Data ->
◆ ◆ ◆ ◆

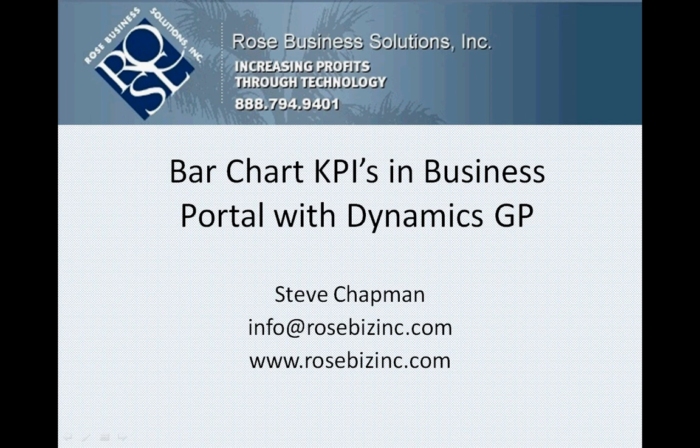I'm going to show you how to create a bar chart KPI in Business Portal with Dynamics GP. It's really quite simple. Let's take a look.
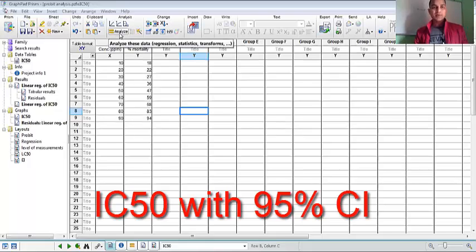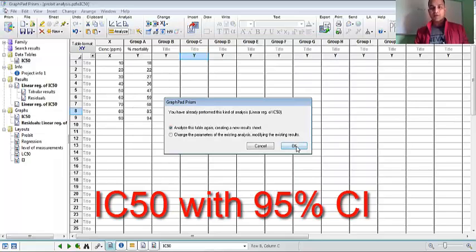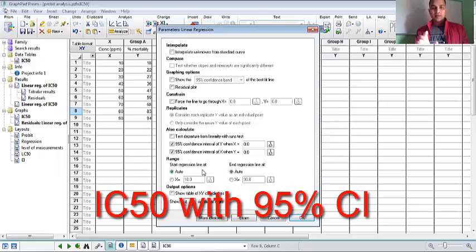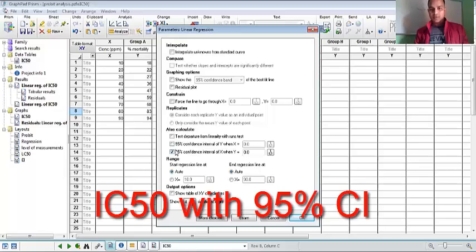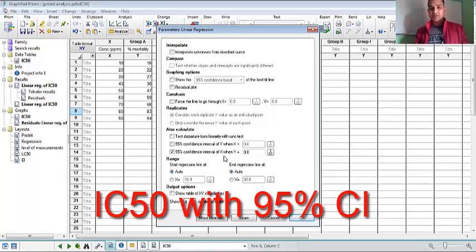It's simple. You just select Analyze and then Linear Equations. Here's the main fact: you just select 95% confidence interval, that is CI of X. That means your expected concentration with Y.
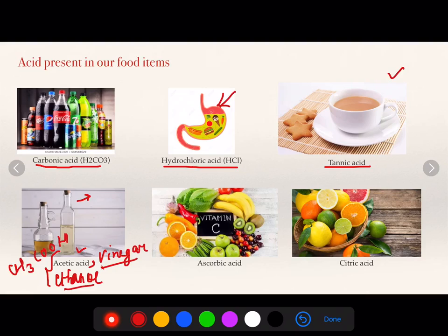When I talk about fruits and vegetables that contain vitamin C, ascorbic acid is present in them. Whereas for lemon and orange in particular, citric acid is found.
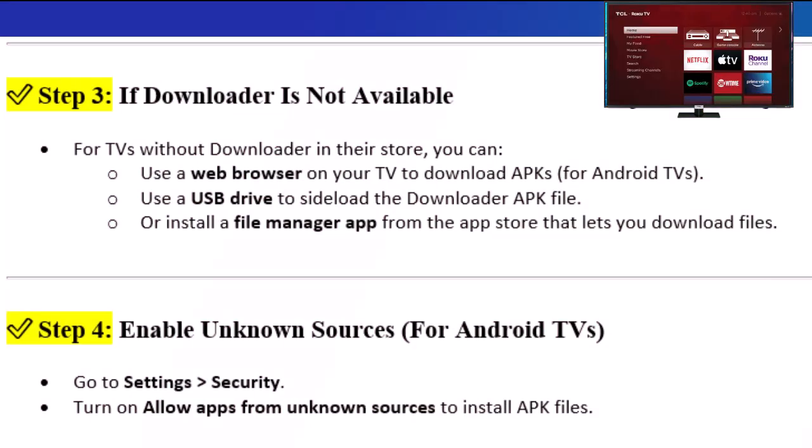Step 3: If Downloader is not available. For TVs without Downloader in their store, you can use a web browser on your TV to download APKs for Android TVs, use a USB drive to sideload the Downloader APK file, or install a File Manager app from the App Store that lets you download files.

◆ ◆ ◆ ◆

Work task -> All the lines above need to be repeated exactly, with no pictures carried over.

Response below ->
I'm going to show you how to create a bar chart KPI in Business Portal with Dynamics GP. It's really quite simple. Let's take a look.
It's simple. You just select Analyze and then Linear Equations. Here's the main fact: you just select 95% confidence interval, that is CI of X. That means your expected concentration with Y.
When I talk about fruits and vegetables that contain vitamin C, ascorbic acid is present in them. Whereas for lemon and orange in particular, citric acid is found.
Step 3: If Downloader is not available. For TVs without Downloader in their store, you can use a web browser on your TV to download APKs for Android TVs, use a USB drive to sideload the Downloader APK file, or install a File Manager app from the App Store that lets you download files.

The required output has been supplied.